My soul is not a box full of glitter that lives under the bed of my heart.

My soul is not a fairy godmother that blesses me periodically with clever platitudes.

My soul is not a battle plan with predetermined strategies and precisely inked commands. 

 

There is no user’s manual that I am aware of.

 

My soul does not check the news. It has no job description to give at awkward social gatherings. It does not give a crap about how productive I thought I was today.

 

Ah, there it is.  

Sloooow.

My soul notices that there are eleven more leaves that turned bright orange on the maple since yesterday.

There are five less seeds in the head of the sunflower.

(Didn’t you hear the laughter of the chickadees this morning?)

Sloooow.

 

My fingertips trace the edges of my soul and it is fleshier than I anticipate, a soil-made placenta that contains the essence of every living thing.

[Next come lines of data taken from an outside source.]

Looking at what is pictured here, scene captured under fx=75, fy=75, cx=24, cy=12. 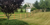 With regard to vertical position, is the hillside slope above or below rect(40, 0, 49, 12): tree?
below

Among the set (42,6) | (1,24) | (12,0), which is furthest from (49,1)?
(1,24)

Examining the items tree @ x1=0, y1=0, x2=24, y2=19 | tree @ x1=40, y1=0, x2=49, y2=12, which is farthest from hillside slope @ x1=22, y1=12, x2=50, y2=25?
tree @ x1=40, y1=0, x2=49, y2=12

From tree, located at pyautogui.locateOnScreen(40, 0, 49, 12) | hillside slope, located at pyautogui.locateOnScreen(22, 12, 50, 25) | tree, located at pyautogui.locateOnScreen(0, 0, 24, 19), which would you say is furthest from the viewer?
tree, located at pyautogui.locateOnScreen(40, 0, 49, 12)

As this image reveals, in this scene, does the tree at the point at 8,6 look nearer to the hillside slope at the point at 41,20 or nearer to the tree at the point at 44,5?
the hillside slope at the point at 41,20

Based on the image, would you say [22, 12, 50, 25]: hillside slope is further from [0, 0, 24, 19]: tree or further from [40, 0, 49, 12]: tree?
[40, 0, 49, 12]: tree

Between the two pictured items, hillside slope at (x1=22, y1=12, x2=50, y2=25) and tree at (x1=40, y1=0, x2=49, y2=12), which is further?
tree at (x1=40, y1=0, x2=49, y2=12)

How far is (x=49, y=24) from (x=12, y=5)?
5.74 metres

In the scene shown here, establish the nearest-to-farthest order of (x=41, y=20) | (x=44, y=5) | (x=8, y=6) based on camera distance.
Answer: (x=8, y=6) < (x=41, y=20) < (x=44, y=5)

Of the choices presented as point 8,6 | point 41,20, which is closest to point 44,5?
point 41,20

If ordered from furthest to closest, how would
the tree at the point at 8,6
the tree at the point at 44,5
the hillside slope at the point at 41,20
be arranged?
the tree at the point at 44,5 → the tree at the point at 8,6 → the hillside slope at the point at 41,20

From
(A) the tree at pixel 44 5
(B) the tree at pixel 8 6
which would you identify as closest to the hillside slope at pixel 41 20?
(B) the tree at pixel 8 6

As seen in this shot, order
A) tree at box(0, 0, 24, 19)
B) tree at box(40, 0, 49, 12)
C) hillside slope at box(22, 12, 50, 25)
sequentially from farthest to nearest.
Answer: tree at box(40, 0, 49, 12), tree at box(0, 0, 24, 19), hillside slope at box(22, 12, 50, 25)

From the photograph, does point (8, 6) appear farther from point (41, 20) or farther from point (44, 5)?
point (44, 5)

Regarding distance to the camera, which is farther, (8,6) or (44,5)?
(44,5) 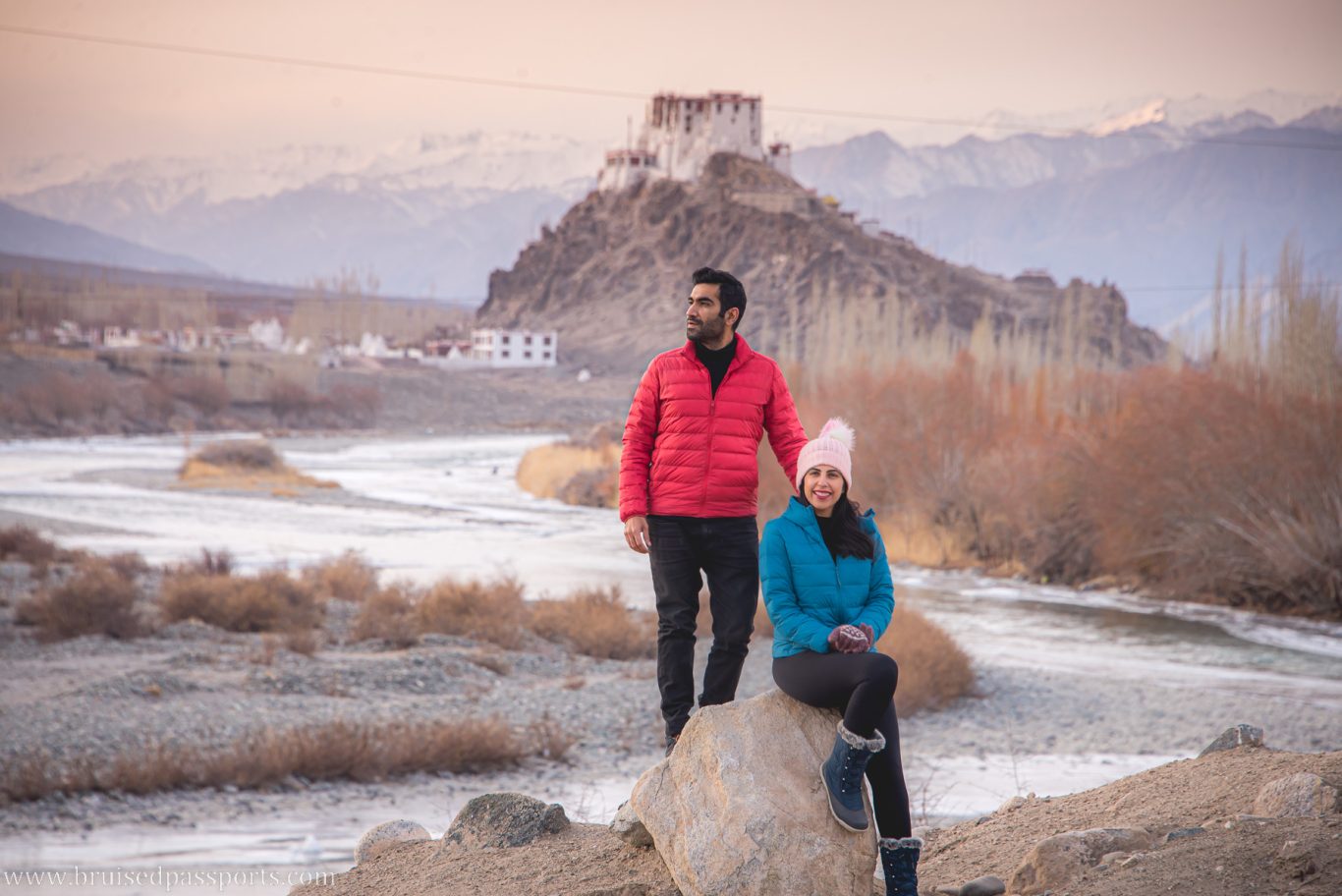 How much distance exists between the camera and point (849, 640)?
157 inches

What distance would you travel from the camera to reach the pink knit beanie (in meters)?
4.20

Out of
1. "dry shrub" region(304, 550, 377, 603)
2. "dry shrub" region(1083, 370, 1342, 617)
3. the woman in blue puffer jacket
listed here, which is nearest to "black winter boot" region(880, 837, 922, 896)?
the woman in blue puffer jacket

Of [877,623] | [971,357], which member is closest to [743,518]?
[877,623]

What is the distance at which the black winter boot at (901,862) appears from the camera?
13.0 feet

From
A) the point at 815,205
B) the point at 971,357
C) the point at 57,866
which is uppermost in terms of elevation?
the point at 815,205

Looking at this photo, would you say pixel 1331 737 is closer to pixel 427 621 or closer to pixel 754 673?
pixel 754 673

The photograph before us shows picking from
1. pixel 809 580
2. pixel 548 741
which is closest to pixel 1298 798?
pixel 809 580

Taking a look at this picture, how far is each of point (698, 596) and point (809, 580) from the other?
715 millimetres

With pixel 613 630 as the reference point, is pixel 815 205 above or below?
above

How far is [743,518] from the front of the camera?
189 inches

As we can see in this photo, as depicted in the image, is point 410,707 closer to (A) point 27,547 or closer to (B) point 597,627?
(B) point 597,627

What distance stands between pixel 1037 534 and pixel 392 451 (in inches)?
1399

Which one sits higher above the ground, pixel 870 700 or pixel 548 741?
pixel 870 700

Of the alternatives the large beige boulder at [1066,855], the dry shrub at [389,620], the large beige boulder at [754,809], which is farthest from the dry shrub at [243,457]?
the large beige boulder at [1066,855] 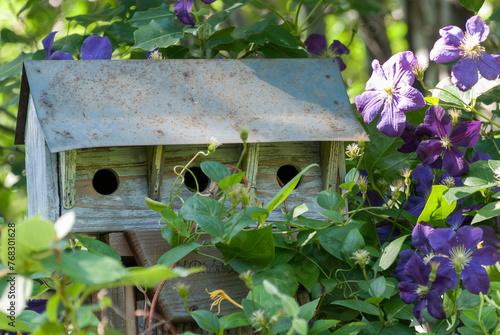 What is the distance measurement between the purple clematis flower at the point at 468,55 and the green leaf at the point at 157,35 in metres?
0.67

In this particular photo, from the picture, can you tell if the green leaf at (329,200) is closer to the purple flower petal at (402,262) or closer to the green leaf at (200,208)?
the purple flower petal at (402,262)

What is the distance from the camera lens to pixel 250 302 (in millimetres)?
1016

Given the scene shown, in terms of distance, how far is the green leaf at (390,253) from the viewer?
1.19 m

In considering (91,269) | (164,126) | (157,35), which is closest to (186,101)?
(164,126)

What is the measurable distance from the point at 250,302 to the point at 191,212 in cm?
19

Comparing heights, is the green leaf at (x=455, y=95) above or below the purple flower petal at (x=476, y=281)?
above

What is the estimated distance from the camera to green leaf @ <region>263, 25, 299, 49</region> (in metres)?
1.73

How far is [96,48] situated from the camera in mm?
1634

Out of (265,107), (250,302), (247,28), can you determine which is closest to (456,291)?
(250,302)

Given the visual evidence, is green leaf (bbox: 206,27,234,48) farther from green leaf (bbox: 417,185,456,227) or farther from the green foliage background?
green leaf (bbox: 417,185,456,227)


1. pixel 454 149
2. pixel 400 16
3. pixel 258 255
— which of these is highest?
pixel 454 149

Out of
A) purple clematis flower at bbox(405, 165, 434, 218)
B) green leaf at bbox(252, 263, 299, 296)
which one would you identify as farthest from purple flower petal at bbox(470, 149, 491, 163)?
green leaf at bbox(252, 263, 299, 296)

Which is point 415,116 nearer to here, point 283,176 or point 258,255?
point 283,176

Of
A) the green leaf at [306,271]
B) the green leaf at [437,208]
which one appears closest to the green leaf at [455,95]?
the green leaf at [437,208] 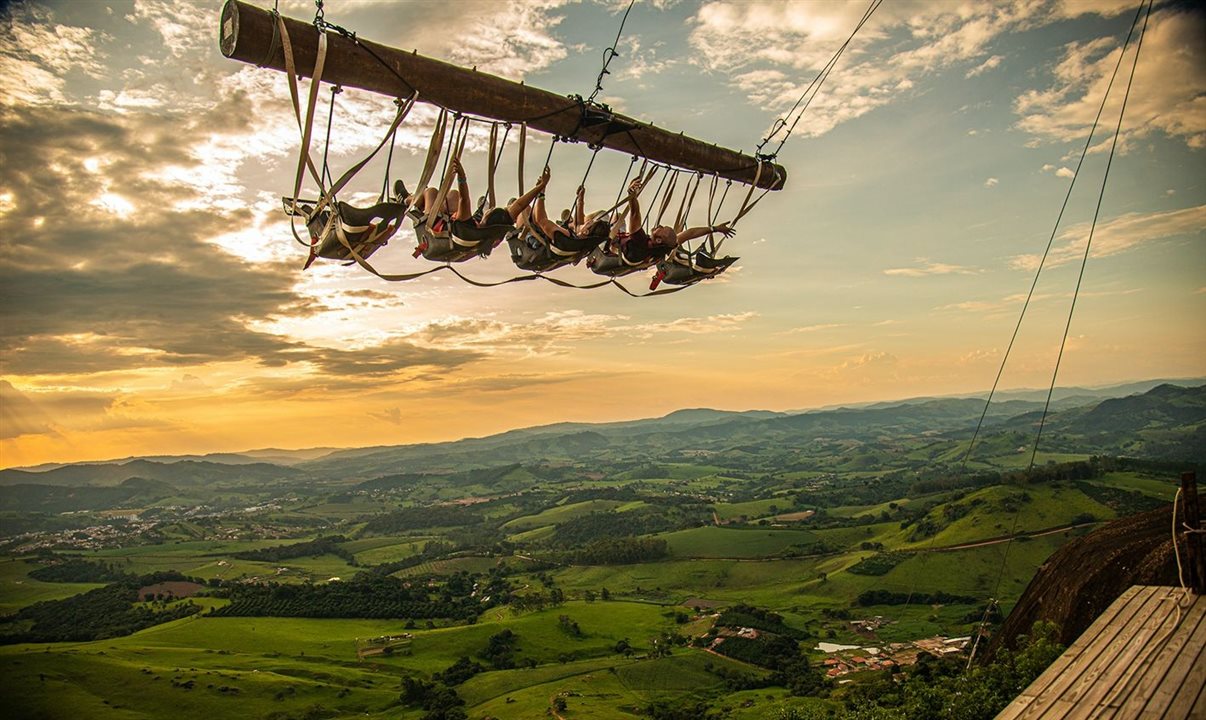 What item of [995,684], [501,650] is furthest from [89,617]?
[995,684]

Slippery and warm, its borders are lined with purple veins that quiver. 

 

My hands find it to be utterly whole. 

 

And also, it is breaking down, tearing and mending, growing and dissolving again. It lives in the nutritious black butter of bogs. It drifts out to sea on currents that only the turtles know. It is lovingly offered on granite peaks to croon in the belly of birds. 

 

My soul is not a special floaty thing just for me. It is sourced from the soft ache of living, the stages of aging, a faith in being, and a vast trust in life as it is. All the while it contains layers of depth that are concealed, time frames that are ungraspable. It does not want to be held captive inside some mental casket. 

 

Always hesitant to be entirely revealed, my soul longs with its whole self for me to see it fully.

 

But it is only my body that really understands.

There are offerings to be made. 

 

I give an eye to the stream to be nibbled on by the minnows. I give a rib as a precious dog-bone, forgotten in the long grasses of the yard. I give a toenail to the pile of snake skin heaped along the back corner of the house. I give a fallopian tube to the phlox, a patch of pink to be worshipped by the hummingbirds. 

 

I give my soul to an underground hollow within the tangled knees of the old woman pine. There is an expectant lacuna cupping the dark, a cradle made of ashes and owl pellets and hypericum flowers. My soul’s home. What a relief to hear the songlines of the land again, to dream in interbeingness, to laugh in sunrises. Taken apart, yet deepened, my soul knows: This is where I am going. This is where I have been. This is where I always am.